▸ Goal of the exercise
Please write out the lines of the data exactly, beginning with the first and ending with the line containing "Various Artists - Fire Burning"; leave the pictures behind.

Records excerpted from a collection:
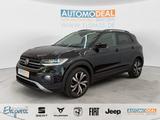 Volkswagen T-Cross Life Style NAV LED AHK ACC SITZ.HZG TEMP - Volkswagen T-Cross Gebrauchtwagen in Mülheim (Ruhr)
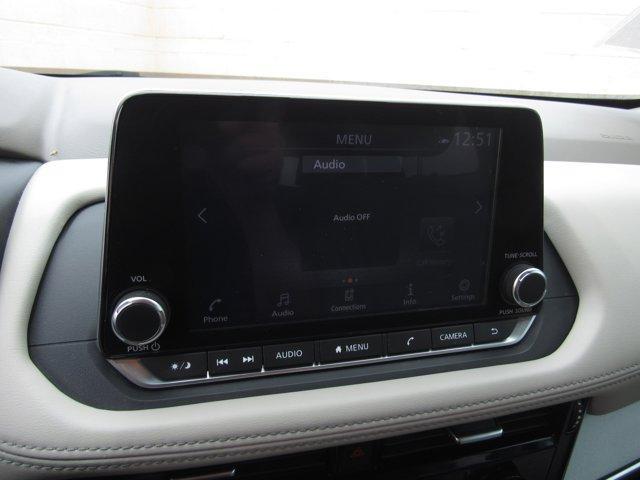 used 2022 Nissan Rogue car, priced at $22,977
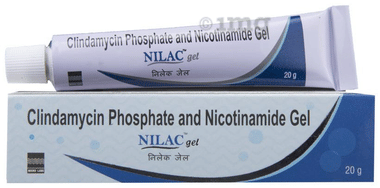 Nilac Gel
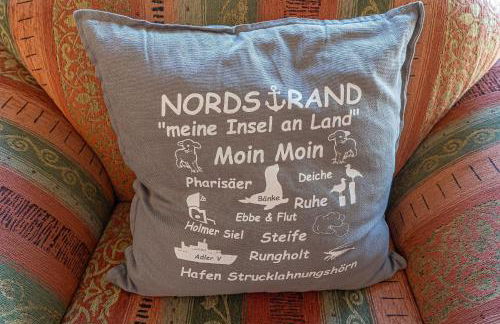 Haus Austernfischer - Foto 6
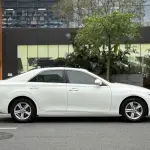 Toyota Reiz 2013 из Китая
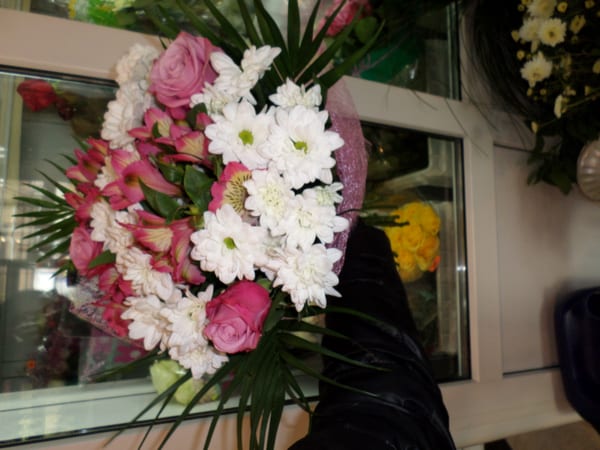 Delivery photos · Odessa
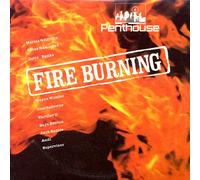 Various Artists - Fire Burning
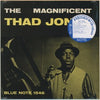 Thad Jones - The Magnificent Thad Jones Volume 3 (LP, Album, Mono, Reissue) - Near Mint (NM or M-) / Very Good Plus (VG+)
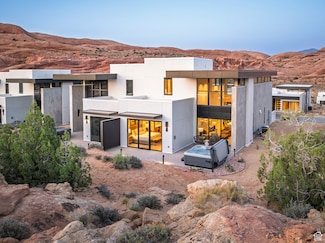 146 Badgers Bend Unit 29, Moab, UT 84532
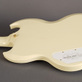 Gibson Les Paul SG Custom 1961 60th Anniversary Sideways Vibrola (2020) Detailphoto 17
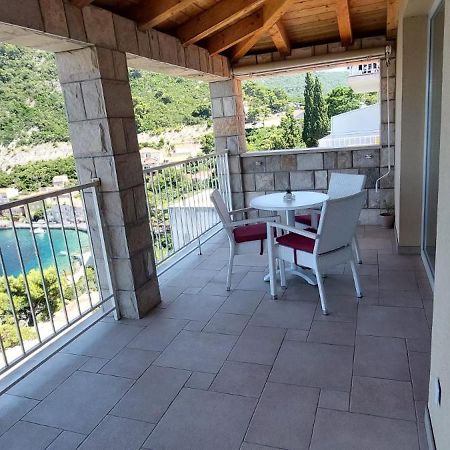 Adriatic - Apartment With Jacuzzi Sobra Buitenkant foto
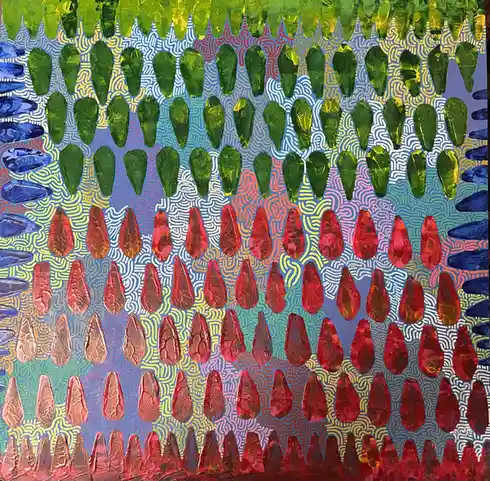 The Art of Painting: A Creative Journey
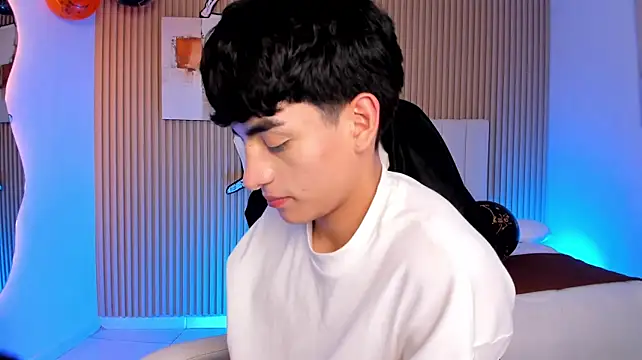 Filiph_Sterliing's Live XXX Chat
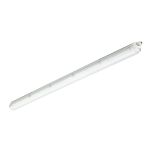 Philips LED Waterproof Batten CoreLine WT120C G2 25W 3400lm - 840 Cool White | 150cm - 3x Through Wiring Philips LED Waterproof Batten CoreLine WT120C G2 25W 3400lm - 840 Cool White | 150cm - 3x Through Wiring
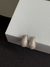 Brinco gota cravejada - comprar online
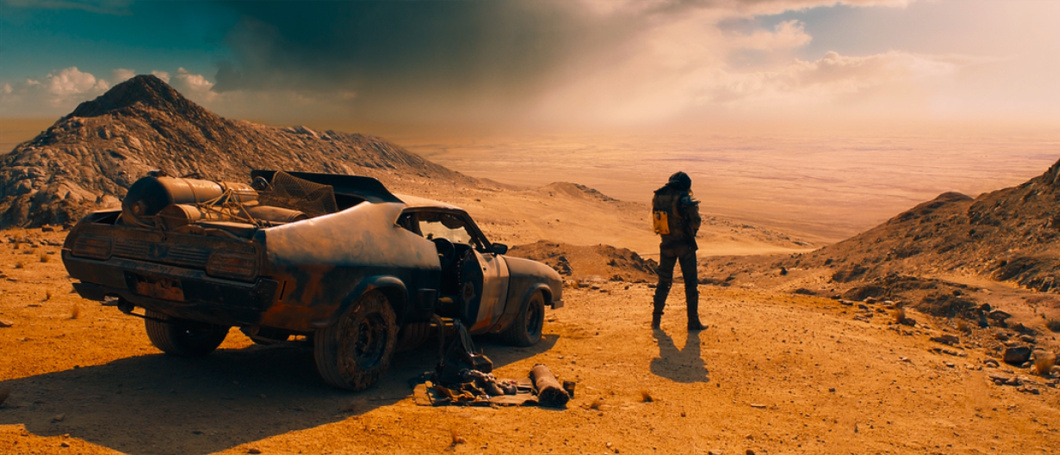 Mad Max: Fury Road - Kritik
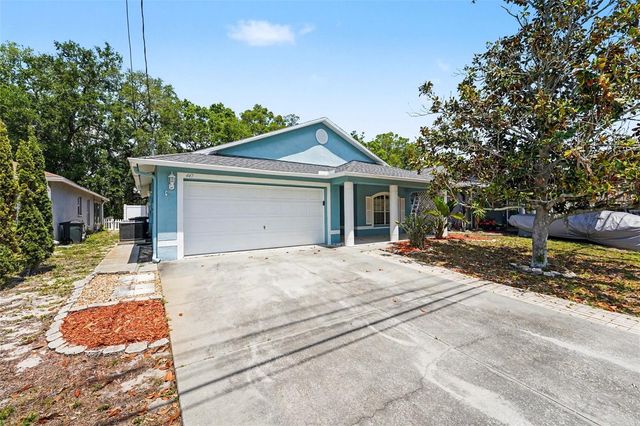 447 DIXIE HIGHWAY, Tarpon Springs, FL 34689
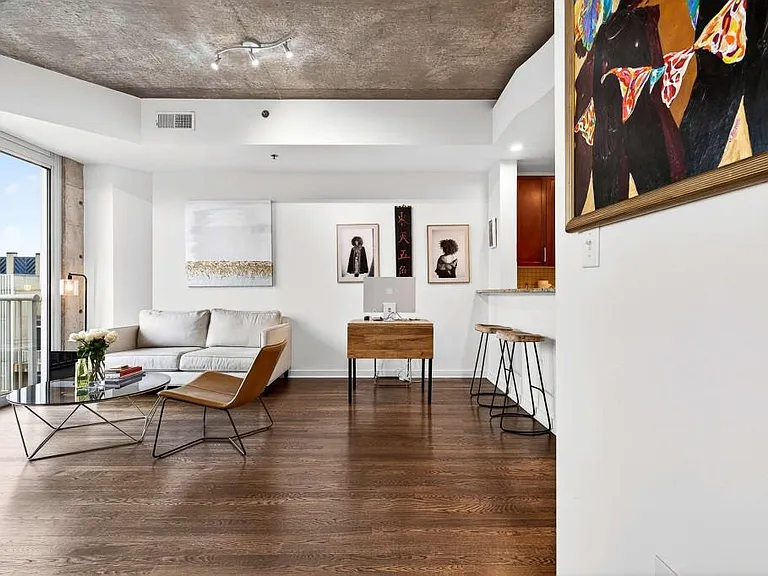 855 W Peachtree St NE #2415 — Photo 12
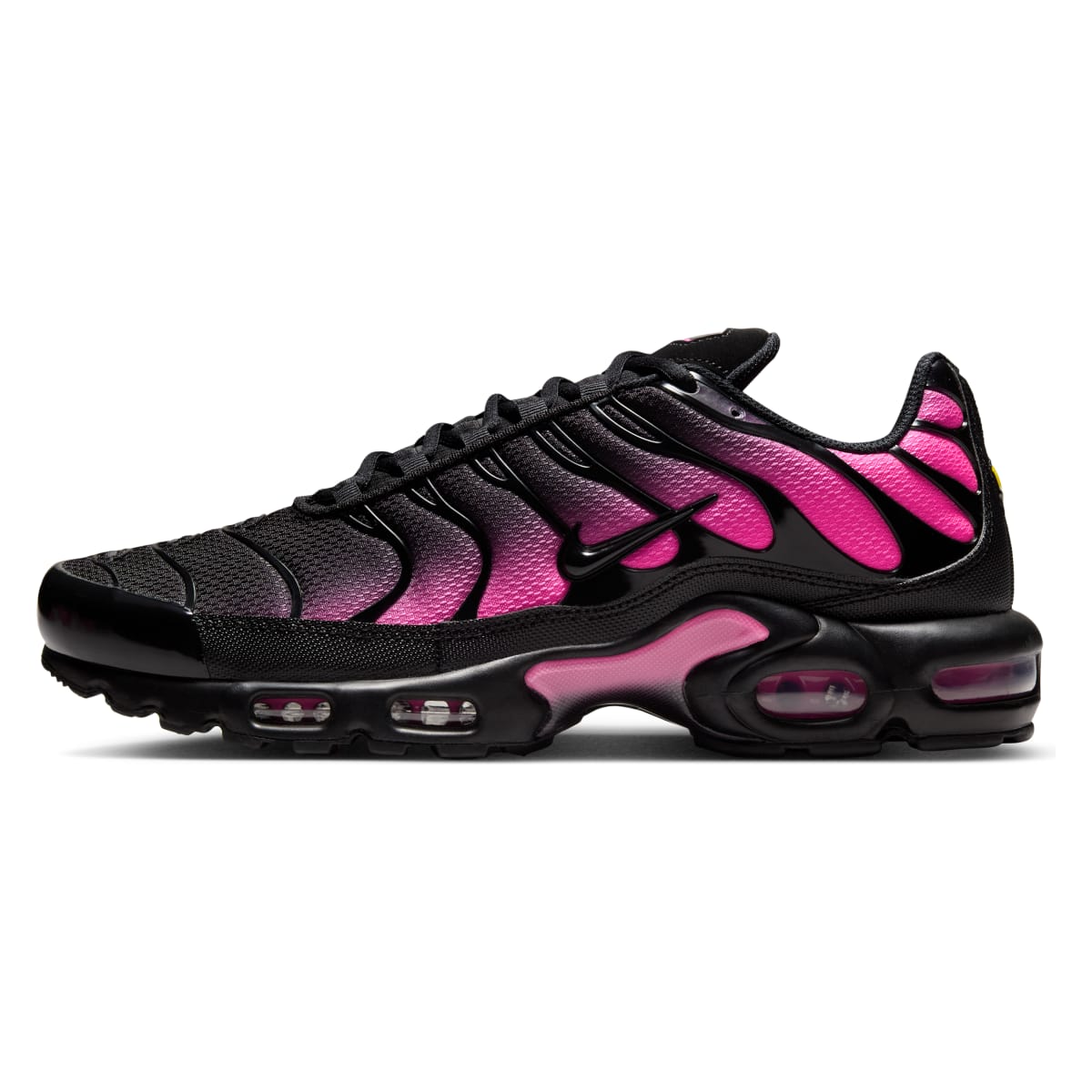 Nike Air Max Plus "Hyper Pink"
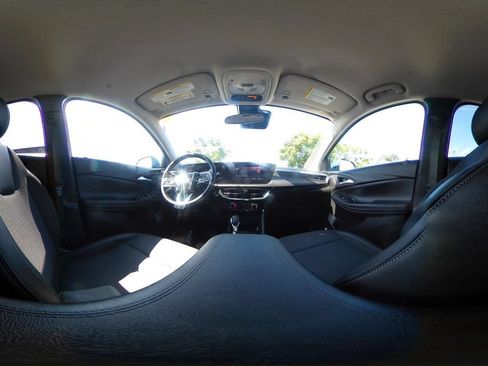 Used 2026 Buick Encore GX Preferred AWD/4WD image 44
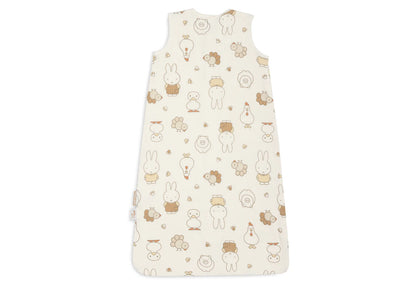 Gigoteuse - Jersey - Miffy Family Farm -90cm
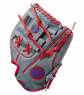 WILSON  2025 A450 WBW101471系列 少年用手套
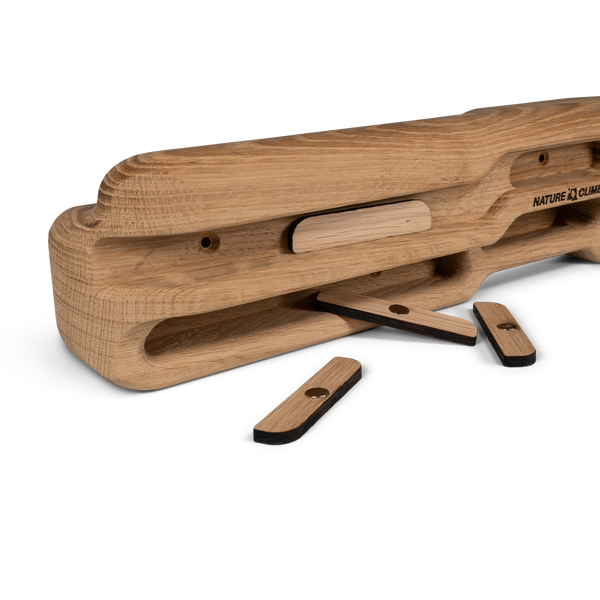 Board II - Oak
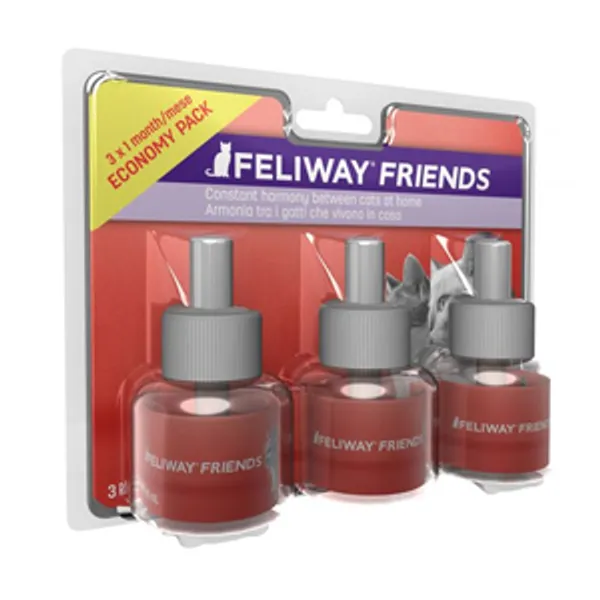 FELIWAY FRIENDS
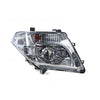 Xenon Head Lamp Drivers Side OEM Suits Nissan Pathfinder R51 1/2010 to 10/2013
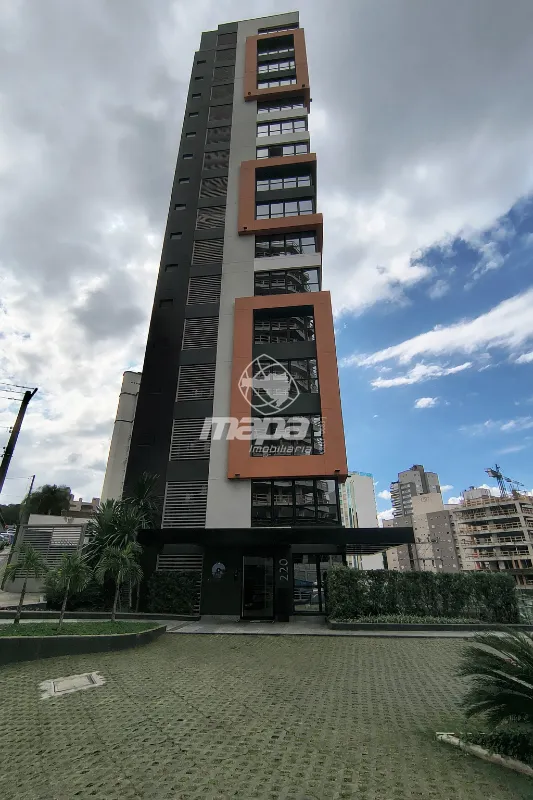 Sala Comercial para Alugar no bairro Jardim Blumenau em Blumenau - foto 1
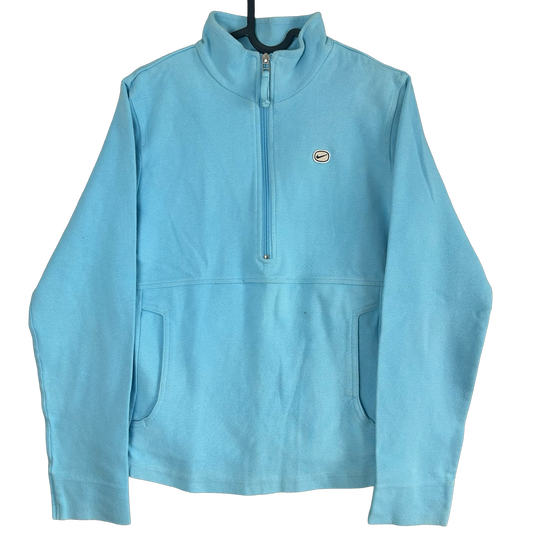 Nike Vintage Halfzip S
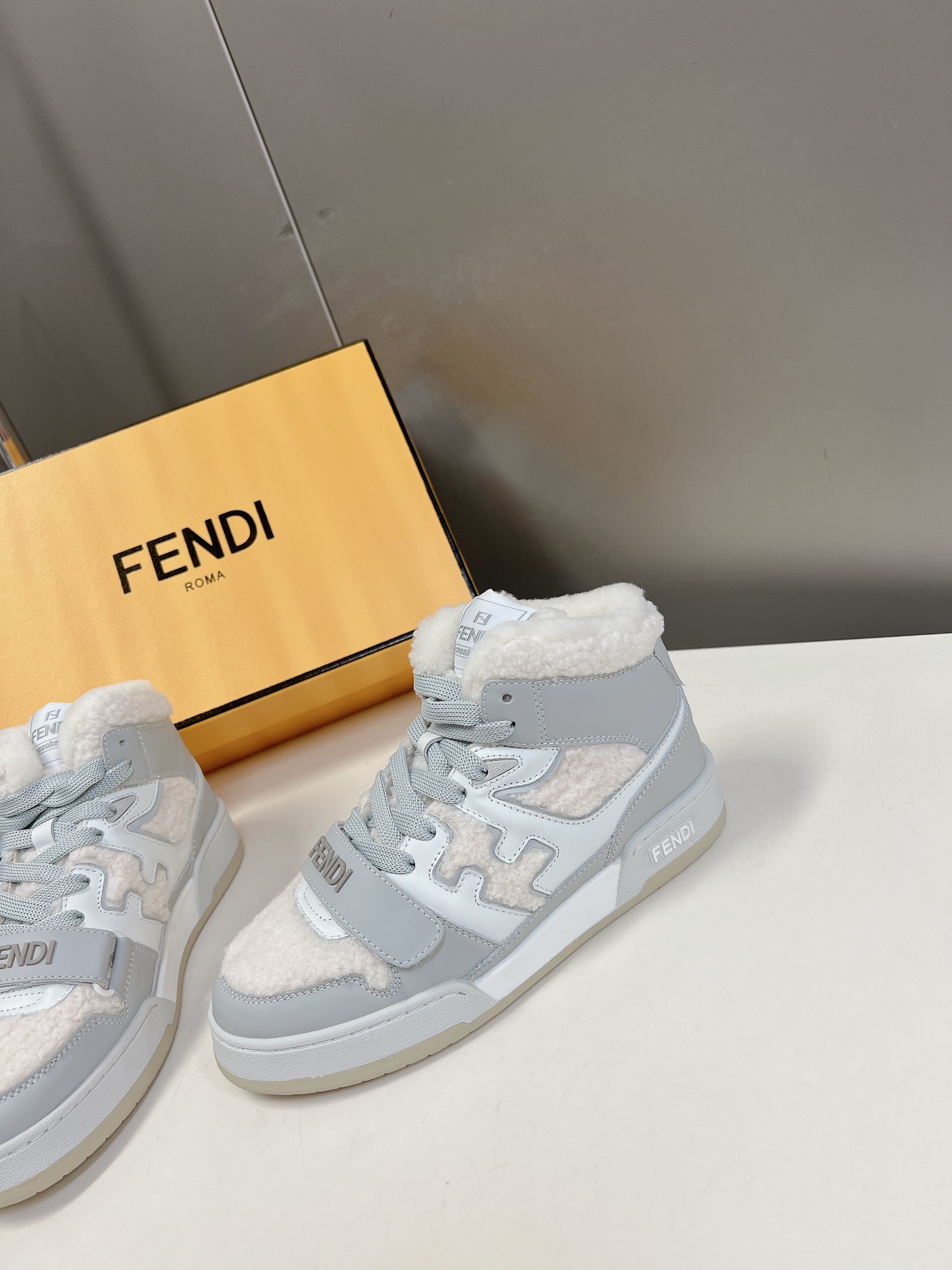 Fendi Classic Best-Seller Series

▸ Response box
 Volkswagen T-Cross Life Style NAV LED AHK ACC SITZ.HZG TEMP - Volkswagen T-Cross Gebrauchtwagen in Mülheim (Ruhr)
 used 2022 Nissan Rogue car, priced at $22,977
 Nilac Gel
 Haus Austernfischer - Foto 6
 Toyota Reiz 2013 из Китая
 Delivery photos · Odessa
 Various Artists - Fire Burning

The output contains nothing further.